OTHERS TOO UNIQUE TO CLASSIFY: Henri Guiggonat’s Daemon of Lithuania (About a cat that sits. Around. The house); Geek Love, a compelling story of circus freaks by the late Katherine Dunn; Tim Powers’ time-warped Anubis Gates and The Stress of Her Regard (Lord Byron and Percy Shelley battle very real succubi); Christopher Fowler’s Roofworld and Neil Gaiman’s Neverwhere, both imagining sinister parallel London universes; Stephen Gregory’s demon-bird parable The Cormorant; Sue Townsend’s hilarious Adrian Mole series, commencing when he’s 13 and 3/4 years old; and Gothic artist Edward Gorey’s Amphigorey trilogy, including The Doubtful Guest and The Gashlycrumb Tinies alphabet of moribund children: “M is for Maud, who was swept out to sea / N is for Neville, who died of ennui.” An affliction you are guaranteed to avoid by disappearing into any of the above mentioned literary escapes.

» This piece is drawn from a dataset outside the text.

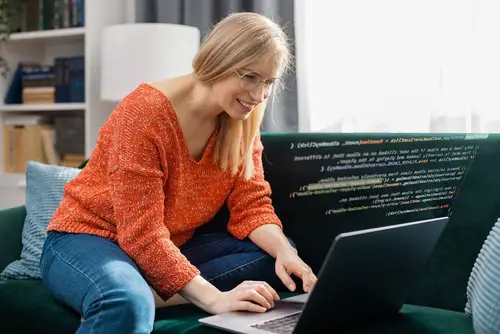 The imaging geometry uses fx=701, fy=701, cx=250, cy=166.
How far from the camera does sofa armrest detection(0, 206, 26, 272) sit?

Trust me — I’ve spent my career giddily compiling this stuff. And naturally, there’s probably a lot that I’m forgetting. And lately, I can’t get enough of mortician Caitlin Doughty’s campy cadaverous essays, like “Will My Cat Eat My Eyeballs? Big Questions From Tiny Mortals About Death” (the answer is yes, but they prefer fleshier tidbits like your lips or eyelids first).

What does all of this signify? Fuck if I know. But — as Evan Rachel Wood’s Dolores Abernathy android character put it in this season’s Westworld finale, “Some people choose to see the ugliness in this world, the disarray. I choose to see the beauty.” And I think it’s made me a better, more inspired writer. Billy Corgan — right after an interview with some other antagonistic journalist had ended — phrased it this way: “The reason that you’ll always get the real story and guys like him won’t is, you don’t step to me with your hands behind your back, holding some malicious weapon — you walk up with your palms outstretched and open, always holding a gift, with no hidden agenda. So I can finally relax and answer some serious questions.” Probably the nicest thing anyone’s ever said to me.